An dieser Stelle wurde zuletzt gefragt, warum Kollege Lenz „Mundartautor“ genannt wird, während andere Kollegen und Kolleginnen nie derart plump auf einen Aspekt ihres Schreibens reduziert werden.

Natürlich kann man beim Thema Mundart die Augen verdrehen. Alles kalter Kaffee! Alles hundertmal durchdiskutiert!

Hat man nicht in Deutschland studiert oder gelebt? Wo ist das Problem? Solange nur oberflächlich und ungenau darüber debattiert wird, ist es jedenfalls nicht vom Tisch.

Bei „Bern ist überall“ wissen wir sehr wohl, dass für viele Literaturinteressierte unsere besondere Sprachsituation ein Thema ist. Wie man mit unserer gesprochenen Sprache umgeht, was man damit macht, das interessiert!
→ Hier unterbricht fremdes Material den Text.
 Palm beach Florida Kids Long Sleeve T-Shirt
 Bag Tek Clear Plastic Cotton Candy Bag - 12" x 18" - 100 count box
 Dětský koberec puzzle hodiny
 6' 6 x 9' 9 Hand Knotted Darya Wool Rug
Bezeichnenderweise kommen die schönsten Komplimente nicht selten von Deutschen, die über die Poesie Zugang zu unseren Sprachen suchen und finden.
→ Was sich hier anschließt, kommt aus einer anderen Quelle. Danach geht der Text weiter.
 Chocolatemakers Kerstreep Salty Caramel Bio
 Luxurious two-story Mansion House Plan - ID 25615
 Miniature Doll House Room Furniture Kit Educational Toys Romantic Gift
Und mit welcher Oberflächlichkeit müssen diese Debatten geführt worden sein, dass wir bei all dem Streiten nach wie vor mit derart ungenauen Begriffen wie „Dialekt“ und „Schweizerdeutsch“ rumfuchteln? Damit wird sicher nichts geklärt. Denn unsere Dialekte sind mit gesundem Selbstbewusstsein betrachtet einfach Sprachen wie andere auch und unser Schweizerdeutsch ist ein etablierter Sammelbegriff, der in der Praxis  jeglichen Wert verliert. Oft wird in Stellungnahmen jeder Art die Situation zwar richtig analysiert, dann zieht man aber wieder die schmerzlosen, aber falschen konventionellen Schlüsse.
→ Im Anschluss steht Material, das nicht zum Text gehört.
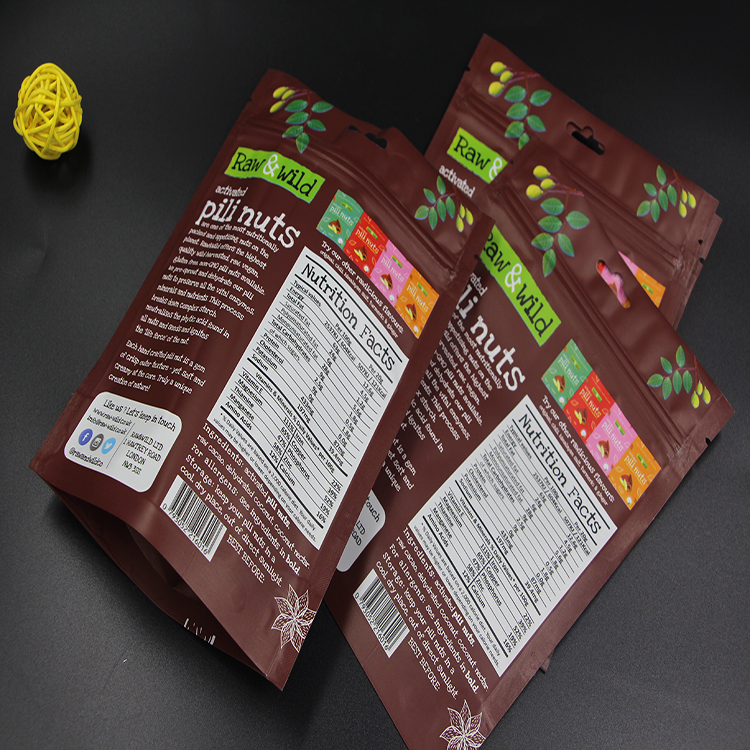 Custom Printed Aluminum Foil Reusable Snack Food Packaging Bags 7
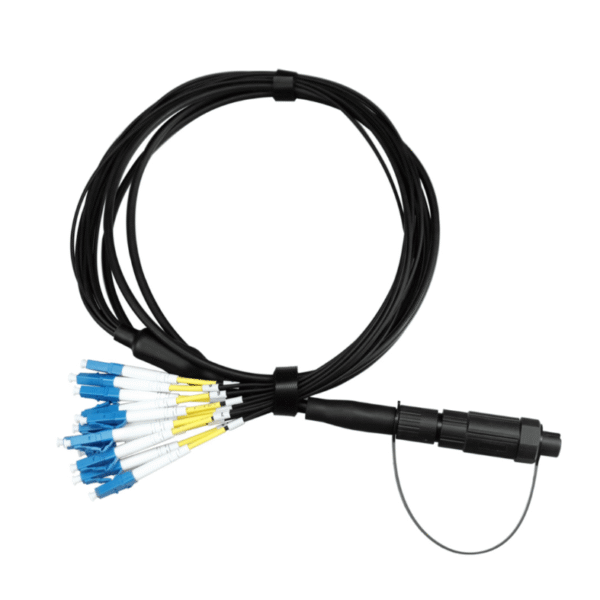IP68 Waterproof Mini SC MPO-LC UPC FTTA Patch Cord 12 Fibers Breakout Cable - Image 2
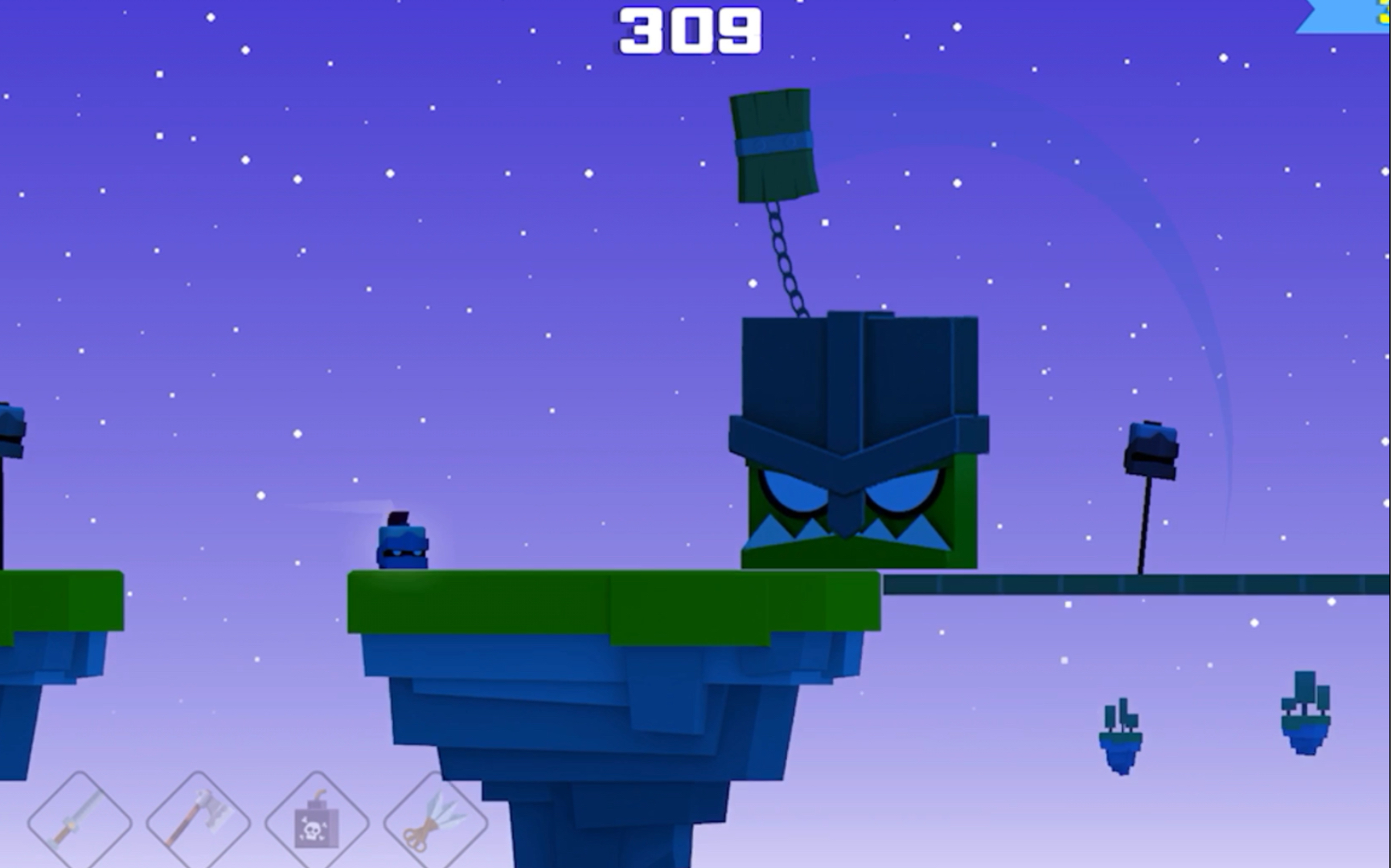 【铁头英雄】不用武器,宠物,技能,过三boss_哔哩哔哩_bilibili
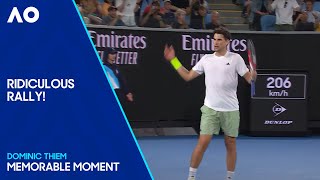 Dominic Thiem Wins Jaw-Dropping Point! | Australian Open 2024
Mehr Selbstbewusstsein ja! Aber bitte auch im Umgang mit unserer Erstsprache, mit unserer eigentlichen Muttersprache.

Falsche Schlüsse zieht auch Irena Brežná in ihrem Buch „Die undankbare Fremde“.  Ein Buch das einen, wie jemand mal gesagt hat, im besten Sinne des Wortes umpflügt, weil die Lektüre Boden aufbricht, was schmerzen kann, aber den Boden wieder fruchtbar macht. Ich habe es stellenweise mit angehaltenem Atem gelesen. Beeindruckend auch, wie die Autorin einen angenehmen, befreienden Zustand des Fremdseins in und zwischen den Kulturen verteidigt. Bei aller produktiven Teilnahme, doch als ein privates Territorium. Aber unserer Sprache spricht sie das Recht auf diese produktive Insel zwischen und in den Kulturen ab, indem sie über unsere „Dialekte“ den Stab bricht und deren Erlernen als Anbiederung betrachtet.

Wenn wir uns aber endlich zu der Erkenntnis durchringen könnten, dass alle Sprachen gleichwertig sind und dass niemand seine Muttersprache selber wählen kann, würden sich fortan viele dieser anachronistischen Werturteile erübrigen, man würde sich ihrer sogar schämen, weil sie rassistisch sind.